55. “This view does not reflect the argument that energy security proponents make: that enhancing ownership of uranium resources provides a security guarantee, or buffer, in case of temporal shortfalls or price spikes. If supply is interrupted, a relatively small stockpile would be needed— 200 MT of natural uranium, or 20 MT of 4.5percent enriched uranium per GWe/year (roughly 100 times smaller than BTequivalent coal, oil, or natural gas storage amounts)”; ibid.

56.The aqueous fissile streams are designed to include separated fissile plutonium.

57. Assuming all these services were available and were used as a partially open cycle, a U.S. nuclear power plant opting to use them would incur a total nuclear fuel cycle cost of at least 2.5 to 3 mills/kWh for back-end services. By comparison, the total cost for back-end services for an open or oncethrough fuel cycle is about 1.3 mills/kWh. The once-through fuel cycle includes a projected cost of disposal and long-term dry cask storage; see The Future of the Nuclear Fuel Cycle, 103.

58. Such an outcome would require a novel technological approach that would dramatically reduce the heat load and radiotoxicity of the waste packages destined for a HLW repository.

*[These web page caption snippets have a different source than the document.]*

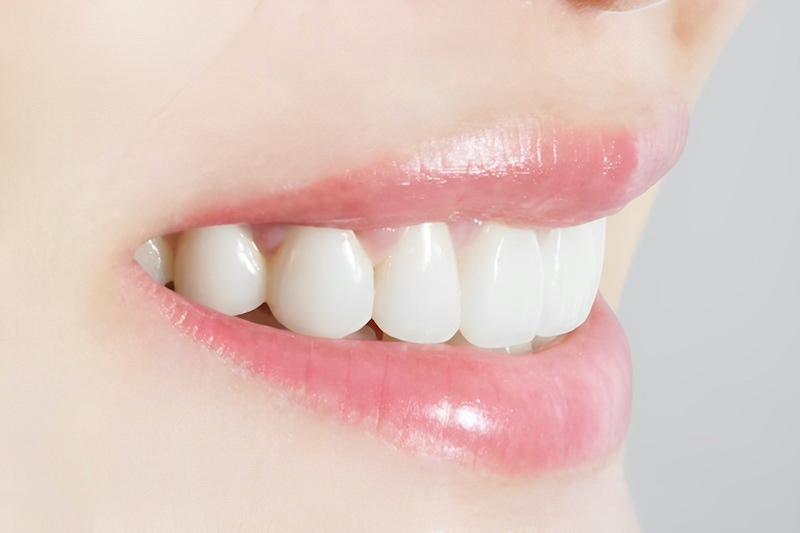 台北雅偲牙醫診療項目-陶瓷貼片-全瓷冠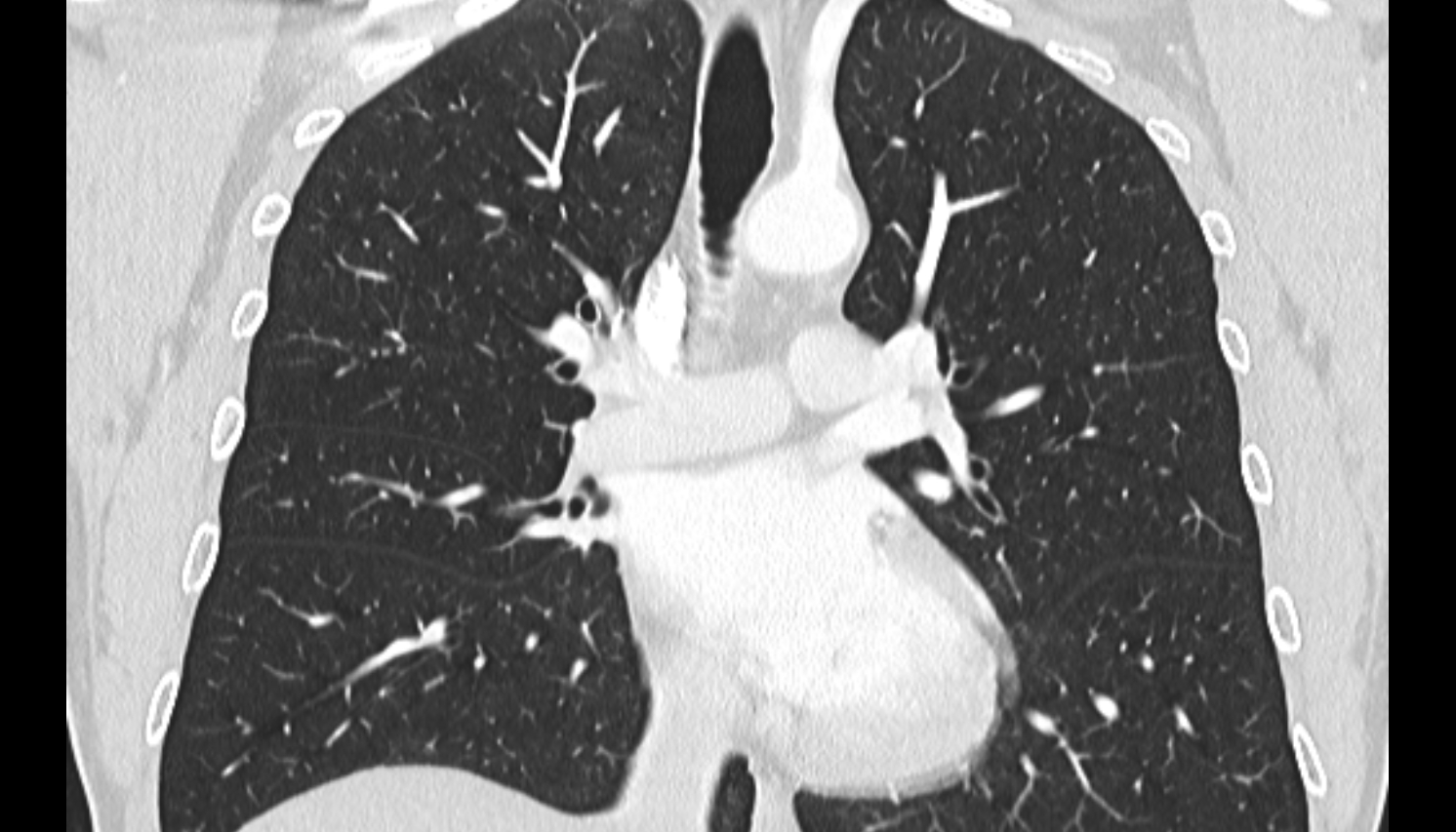 Anterior segmental bronchus of right lung  anatomy CT coronal  image -img-00000-00000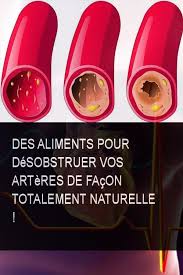 Des Aliments Pour Desobstruer Vos Arteres De Facon Totalement Naturelle Naturelle Aliments Aliment Artere Arteres Lava Lamp Novelty Lamp Novelty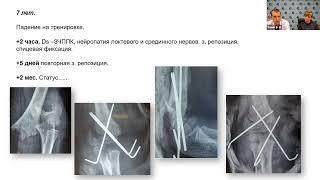 Чрезмыщелковые переломы у детей как мультидисциплинарная проблема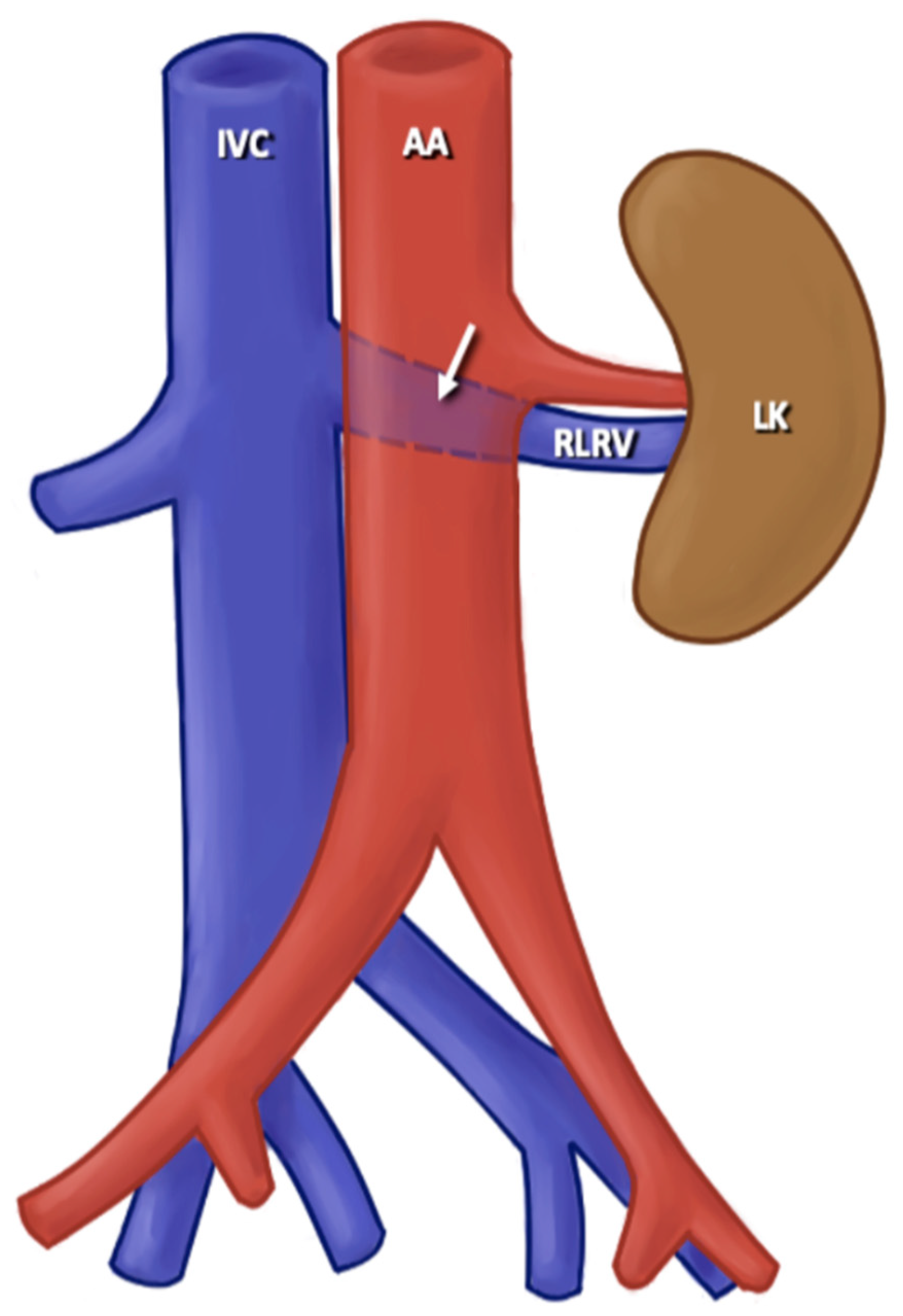 JCM | Free Full-Text | Anatomical Variants of the Renal Veins and Their ...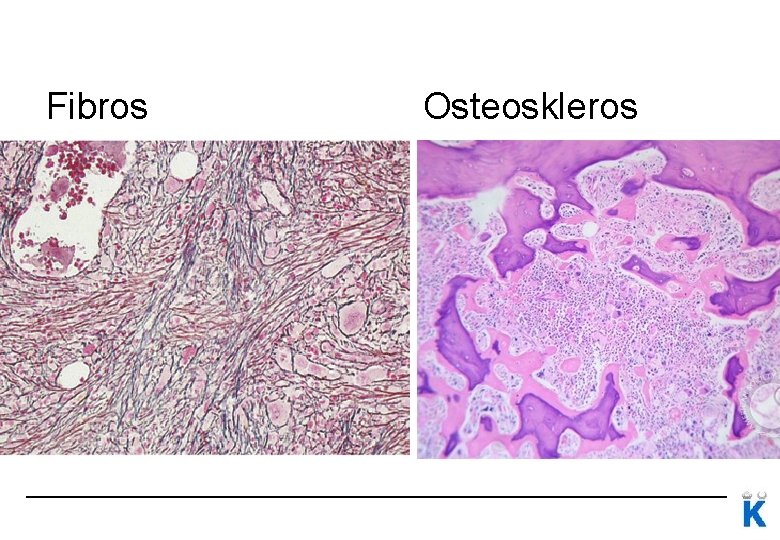 Fibros Osteoskleros 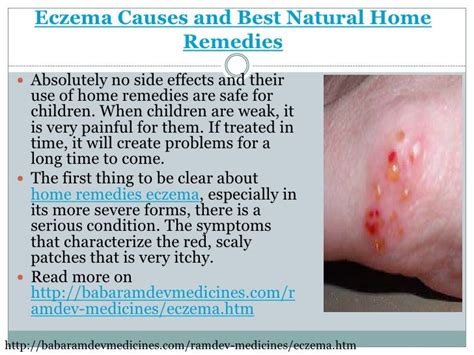 Eczema causes and best natural home remedies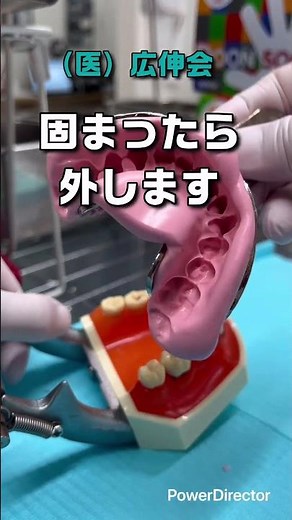 「歯」の模型ってどうやって作るの？ #歯医者#栄町歯科 #並木町歯科#希望が丘歯科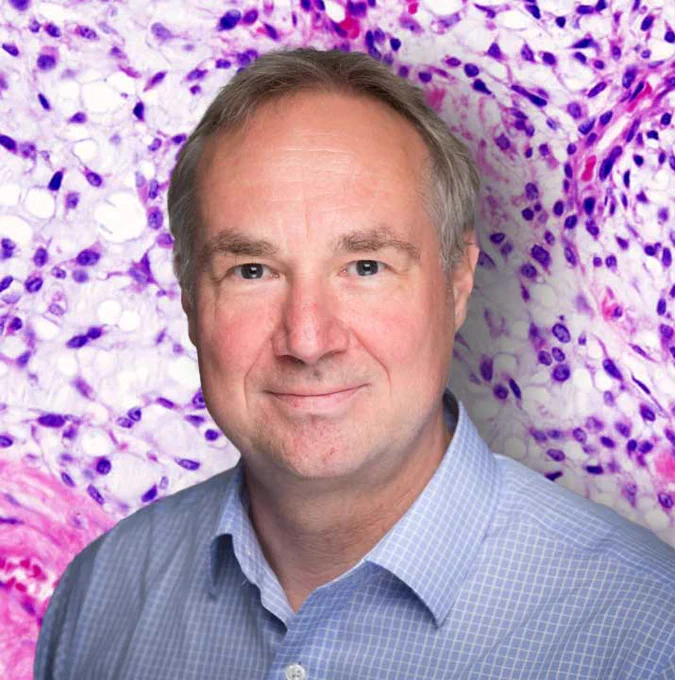 A professional headshot of Professor Udo Oppermann superimposed onto chondrosarcoma cells.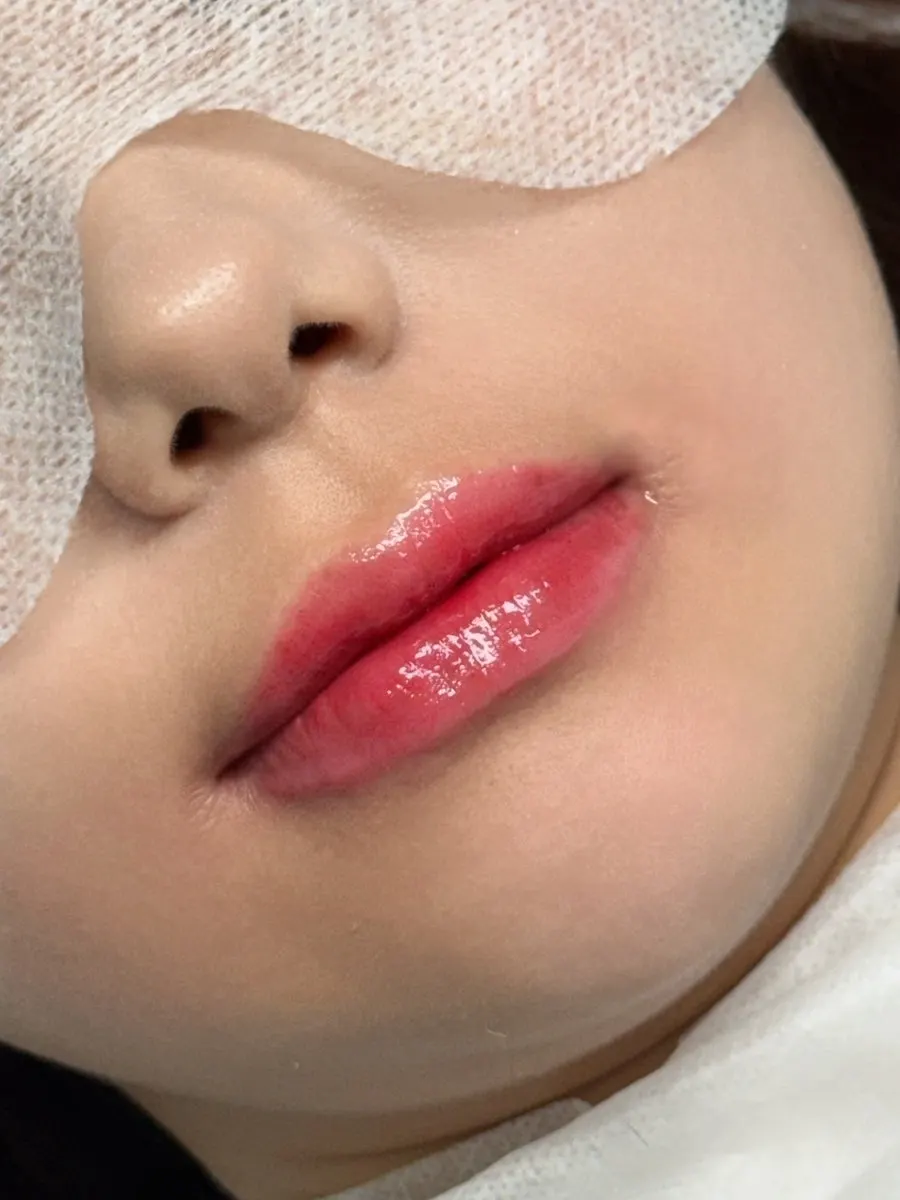 시술 직후 생기 있는 입술 셀카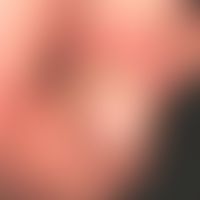 Paronychie akute: maassive eitrige Paronychie mit überlagernden nässenden Krusten. Hochrot geschw...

59. Various scientific researchers and their organizations are promoting a variety of advanced technologies that will have a momentous impact on solving the nuclear waste problem. Examples include the AIROX concept (being marketed today by General Atomics as a way to cap the generation of nuclear waste) and the Myrrha project (being developed and marketed by the Commissariat à l’énergie atomique as an accelerator/reactor concept to transmute nuclear waste). These technologies and many others await a favorable “proof of principle” verdict from the scientific and engineering communities. It is unclear if there will ever be investments sufficient enough to move such concepts to deployable technologies. For the purposes of achieving near-term consensus on the pressing safety and security issues pertaining to the back-end of the nuclear fuel cycle, we strongly believe that it would be counterproductive to promote these technologies as “game changers.”

60. However, Cameco’s CEO Tim Gitzel has warned that “[d]isruptions in mine production, the difficulty faced by development companies in raising funds for new mining projects, and the end of a Russian deal to supply uranium from scrapped atomic warheads may help create a supply deficit . . . and result in increases in uranium prices”; Christopher Donville, “Cameco’s Gitzel Says Investors Underestimate Possible Uranium Shortfall,” Bloomberg, December 5, 2011.

61. At present, advocates for using MOX assert that, at minimum, plutonium and uranium credits offset the added cost of fabricating MOX fuel.

62. Sellafield’s continued conventional reprocessing operations are currently at risk. On August 3, 2011, the National Decommission Authority (NDA) announced that it would close the Sellafield MOX plant, citing the significant negative impact to the Japanese nuclear industry in the aftermath of Fukushima.

63. The Korean Atomic Energy Research Institute’s (KAERI) advanced used-fuel conditioning process, known commonly as a pyrometallurgical process, is at the heart of negotiations for the renewal of the bilateral U.S.Republic of Korea nuclear cooperation agreement. KAERI plans to deploy a firststage facility in 2016 and become a commercial-scale demonstration plant in 2025. Further, one must keep in mind China’s eventual back-end plans and intentions, which are not likely to be firmly settled within the next decade while China thoroughly examines its technological options.

64. With regard to China’s expansion plans, it is possible (looking out several decades) that servicing China’s used fuel would require significant new conventional-reprocessing capacity.

65. We believe that an informal minimum threshold of 10 GW should be adopted before a state pursues front-end or back-end nuclear technologies.